[Input data]

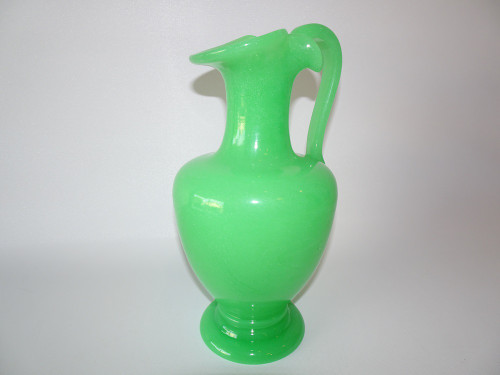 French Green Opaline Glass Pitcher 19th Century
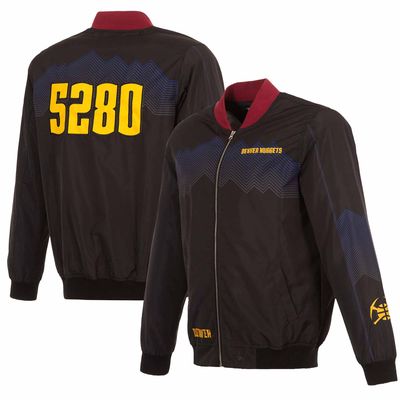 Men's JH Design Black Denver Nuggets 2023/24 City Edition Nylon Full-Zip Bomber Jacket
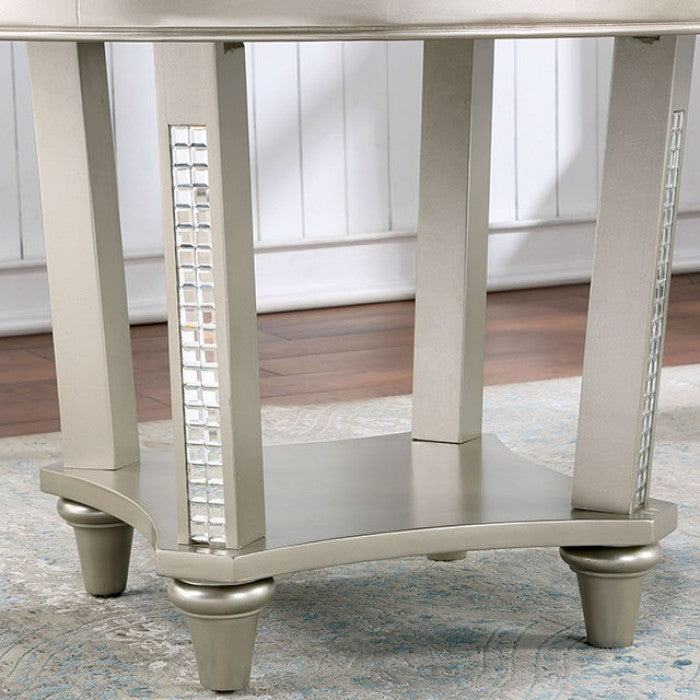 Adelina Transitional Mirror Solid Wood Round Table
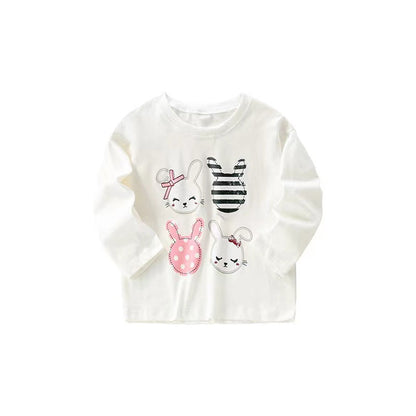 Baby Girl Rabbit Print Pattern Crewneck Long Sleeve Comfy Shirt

[/Input data]

__Problem to work on__.
An exact copy of all the data above is required; omit any pictures.

__Completed task__.
 French Green Opaline Glass Pitcher 19th Century
 Men's JH Design Black Denver Nuggets 2023/24 City Edition Nylon Full-Zip Bomber Jacket
 Adelina Transitional Mirror Solid Wood Round Table
 Baby Girl Rabbit Print Pattern Crewneck Long Sleeve Comfy Shirt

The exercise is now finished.